One of the grimmest figures in the study shows that among 15 to 24-year-olds, the gun homicide rate in the U.S. is 49 times higher than in other high-income countries, or in line with the rate of gun murders in Mexico. Firearm-related suicides were also eight times higher in the U.S. than the other countries, while unintentional firearm deaths were 6.2 times higher. Ninety percent of women killed by guns in the study were in the U.S., as were 91 percent of children aged 0 to 14.

“If you look at all the women who are killed with guns in advanced countries, if you look at all the children, they’re all Americans,” Hemenway says.

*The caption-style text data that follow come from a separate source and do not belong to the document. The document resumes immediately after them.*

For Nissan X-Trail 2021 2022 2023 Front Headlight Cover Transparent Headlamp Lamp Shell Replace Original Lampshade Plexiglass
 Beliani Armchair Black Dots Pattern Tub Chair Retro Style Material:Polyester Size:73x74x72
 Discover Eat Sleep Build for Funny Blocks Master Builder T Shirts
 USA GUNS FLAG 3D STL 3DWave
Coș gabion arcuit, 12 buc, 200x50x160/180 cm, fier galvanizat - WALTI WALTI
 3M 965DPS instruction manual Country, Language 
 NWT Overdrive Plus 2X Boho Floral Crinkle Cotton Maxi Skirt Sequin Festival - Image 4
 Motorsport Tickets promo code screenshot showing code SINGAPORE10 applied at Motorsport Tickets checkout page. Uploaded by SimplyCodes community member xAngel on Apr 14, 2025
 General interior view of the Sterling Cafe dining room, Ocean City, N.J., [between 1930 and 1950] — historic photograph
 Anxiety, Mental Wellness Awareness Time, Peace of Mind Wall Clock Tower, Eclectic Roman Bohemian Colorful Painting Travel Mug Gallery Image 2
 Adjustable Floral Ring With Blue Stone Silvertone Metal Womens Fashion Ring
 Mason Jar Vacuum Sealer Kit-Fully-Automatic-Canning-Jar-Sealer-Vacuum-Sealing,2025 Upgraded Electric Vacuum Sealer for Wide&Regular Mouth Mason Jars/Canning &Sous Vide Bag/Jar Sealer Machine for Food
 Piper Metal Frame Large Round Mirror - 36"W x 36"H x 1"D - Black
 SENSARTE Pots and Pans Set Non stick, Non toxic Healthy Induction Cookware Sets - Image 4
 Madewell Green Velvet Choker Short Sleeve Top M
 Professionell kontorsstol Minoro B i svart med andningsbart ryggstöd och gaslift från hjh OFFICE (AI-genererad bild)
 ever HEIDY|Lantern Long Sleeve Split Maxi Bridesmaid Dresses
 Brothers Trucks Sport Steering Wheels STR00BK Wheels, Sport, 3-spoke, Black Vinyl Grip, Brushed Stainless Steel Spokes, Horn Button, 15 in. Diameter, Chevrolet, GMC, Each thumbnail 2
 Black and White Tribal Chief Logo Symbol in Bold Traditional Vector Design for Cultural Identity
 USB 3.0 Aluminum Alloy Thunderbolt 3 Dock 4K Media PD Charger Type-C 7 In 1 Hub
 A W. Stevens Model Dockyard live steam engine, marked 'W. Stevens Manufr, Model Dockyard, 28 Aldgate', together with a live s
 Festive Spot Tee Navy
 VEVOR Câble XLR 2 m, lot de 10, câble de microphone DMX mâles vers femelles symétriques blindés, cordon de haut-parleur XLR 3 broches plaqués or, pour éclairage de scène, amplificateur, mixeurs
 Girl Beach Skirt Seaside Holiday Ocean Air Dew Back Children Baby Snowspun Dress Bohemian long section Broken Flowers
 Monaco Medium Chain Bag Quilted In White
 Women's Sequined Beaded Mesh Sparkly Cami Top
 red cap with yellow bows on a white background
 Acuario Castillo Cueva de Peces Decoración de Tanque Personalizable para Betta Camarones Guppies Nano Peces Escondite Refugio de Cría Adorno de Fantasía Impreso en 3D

Here’s a breakdown of the study’s key findings (all rates per 100,000 people): 

2003

  • U.S. gun death rate: 2.8
  • U.S. gun homicide rate: 4.1
  • U.S. gun suicide rate: 5.8
  • U.S. unintentional gun death rate: 0.3
  • Other high income countries’ gun death rate: 0.2
  • Other high income countries’ gun homicide rate: 0.2
  • Other high income countries’ gun suicide rate: 1.0
  • Other high income countries’ unintentional gun death rate: 0.0

2010

  • U.S. gun death rate: 2.7
  • U.S. gun homicide rate: 3.6
  • U.S. gun suicide rate: 6.3
  • U.S. unintentional gun death rate: 0.2
  • Other high income countries’ gun death rate: 0.1
  • Other high income countries’ gun homicide rate: 0.1
  • Other high income countries’ gun suicide rate: 0.8
  • Other high income countries’ unintentional gun death rate: 0.0

“Whenever there’s a violent interaction in the United States, there’s a chance that somebody may die,” Hemenway said. “In most of these other countries, the worst thing that might happen is somebody gets hit with fists, or a glass bottle, or even stabbed, and in those cases there probably won’t be any deaths. But when there’s a gun, it really makes it so much more likely that something terrible will happen.”